**What to do**
Excluding pictures, transcribe precisely the lines from the one containing "Blue and green" to the final line of the listing below, inclusive, and nothing more.

**Data listing**
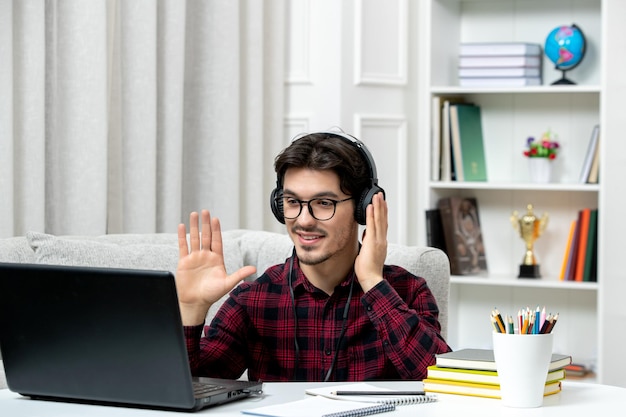 Estudiante en línea joven en camisa a cuadros con gafas estudiando en la computadora agitando las manos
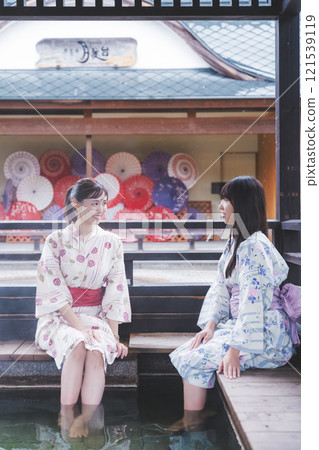 Two young women in yukata soaking their feet in a footbath [Filming cooperation: Shibata City Film Commission Council] 121539119
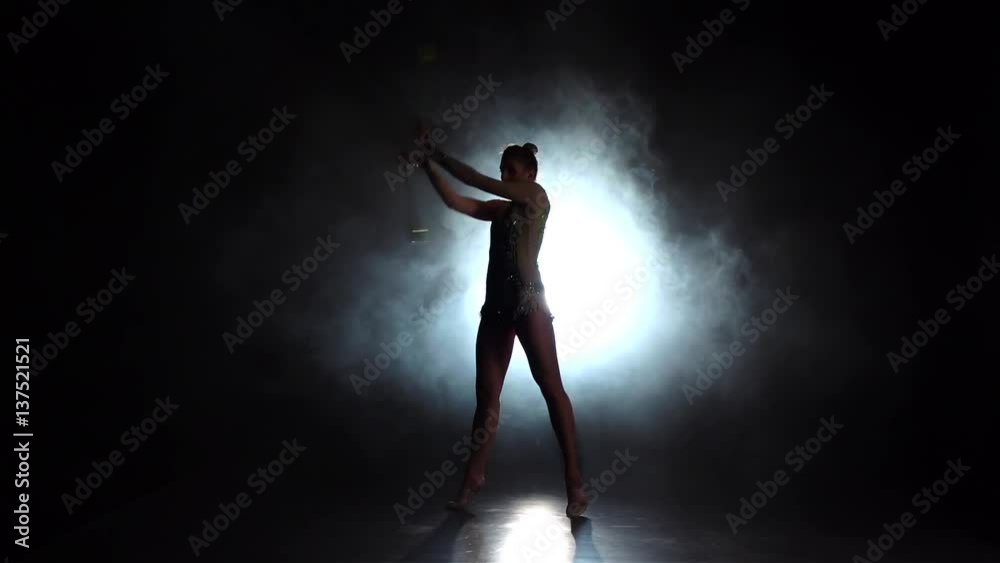 Girl gymnast with mace in hand revolve around him. Black background. Light rear. Silhouette. Slow motion Girl gymnast with mace in hand revolve around him. Black background. Light rear. Silhouette. Slow motion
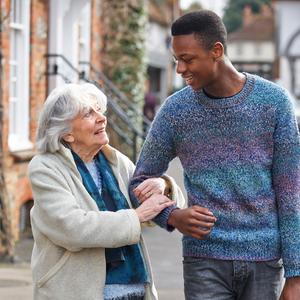 Young man escorting older woman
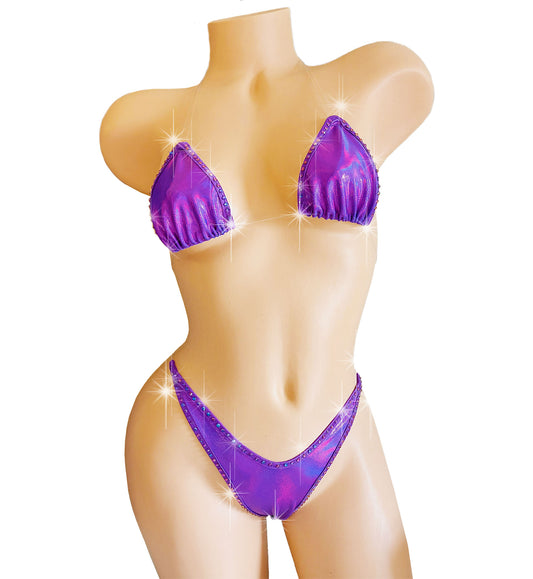 Clear elastic invisible strap thong bikini in Purple reflective spandex with purple blue rhinestones, on a mannequin.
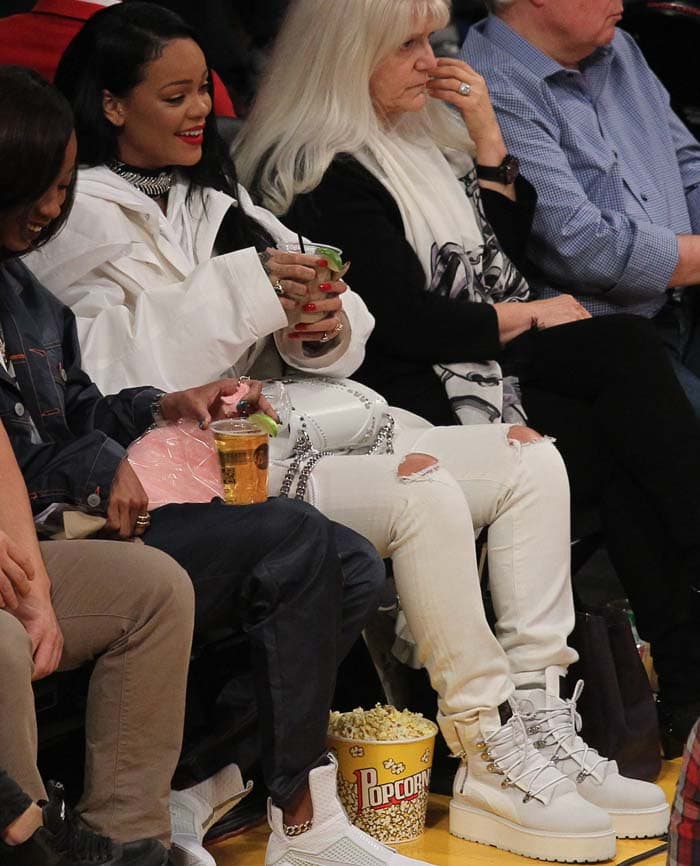 Rihanna wears an all-white ensemble at a recent LA Lakers game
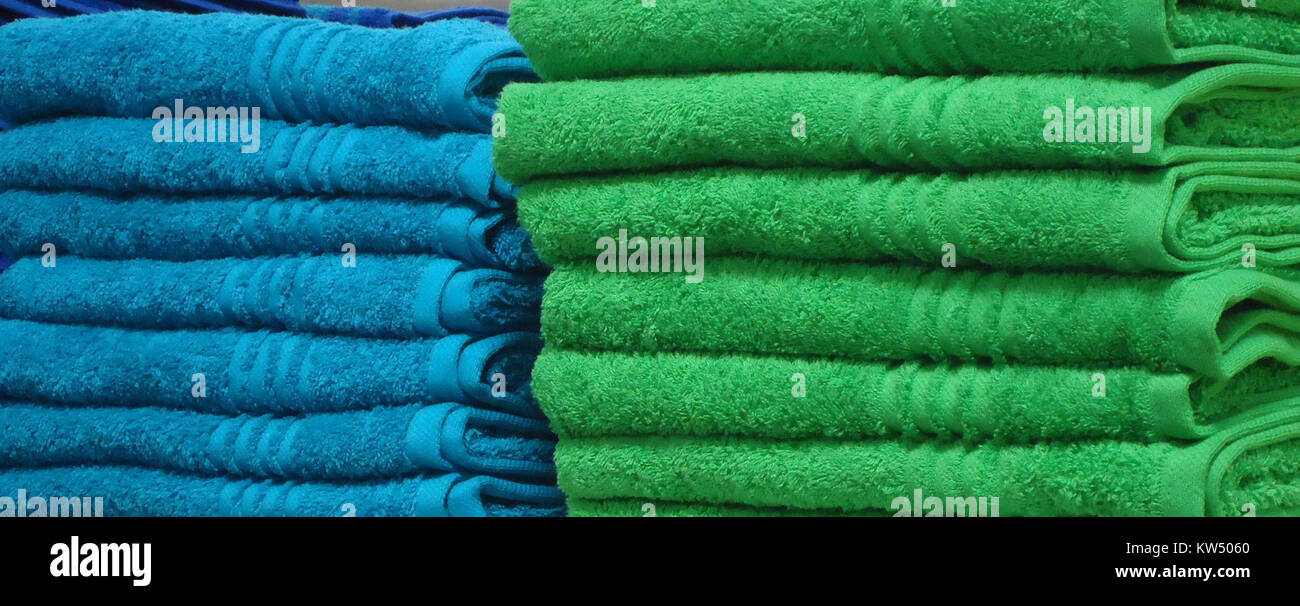 Blue and green towels on a shelf in a store in New Jersey Stock Photo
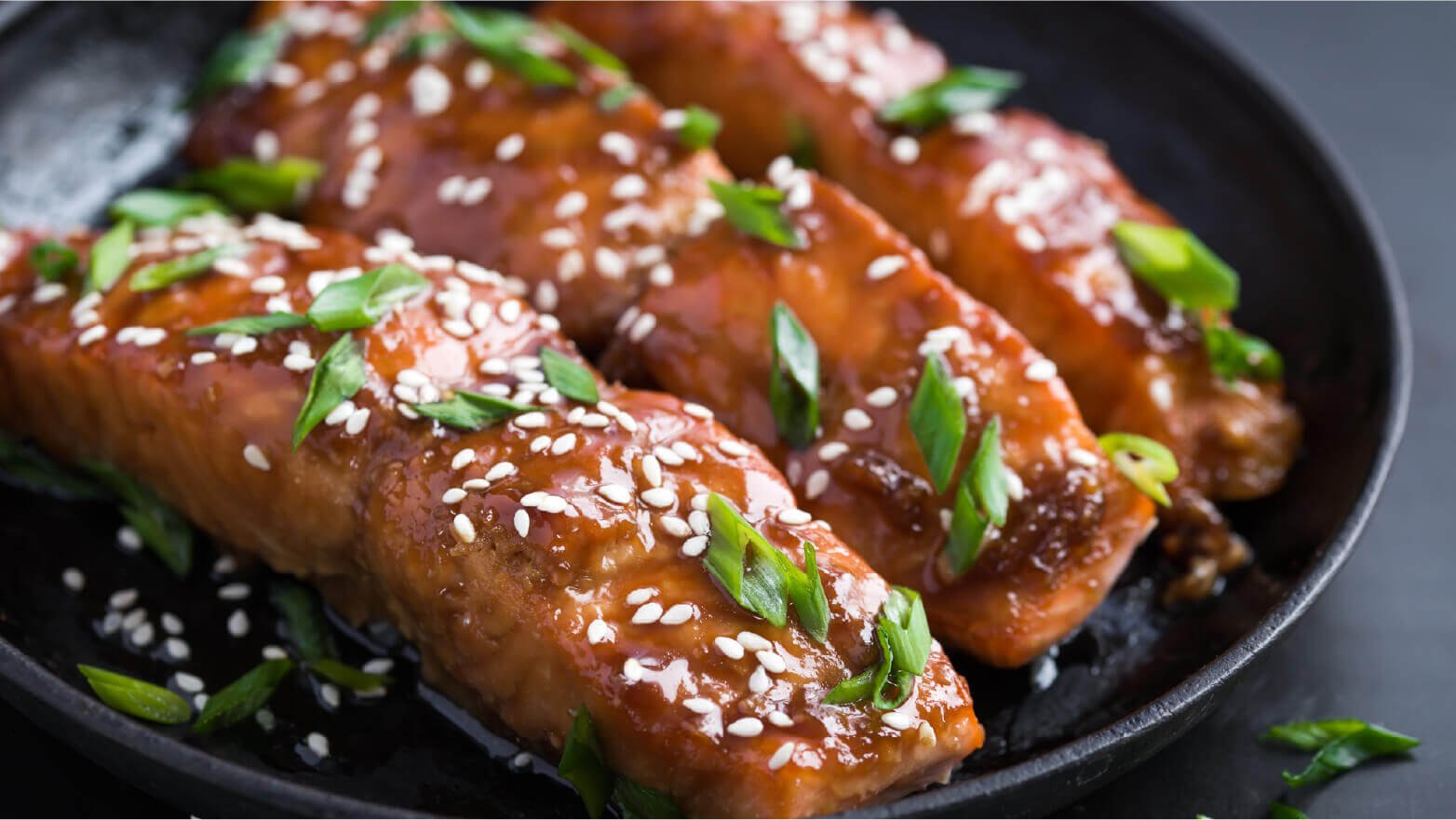 Maple salmon on a plate topped with green onion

**Task result**
 Blue and green towels on a shelf in a store in New Jersey Stock Photo
 Maple salmon on a plate topped with green onion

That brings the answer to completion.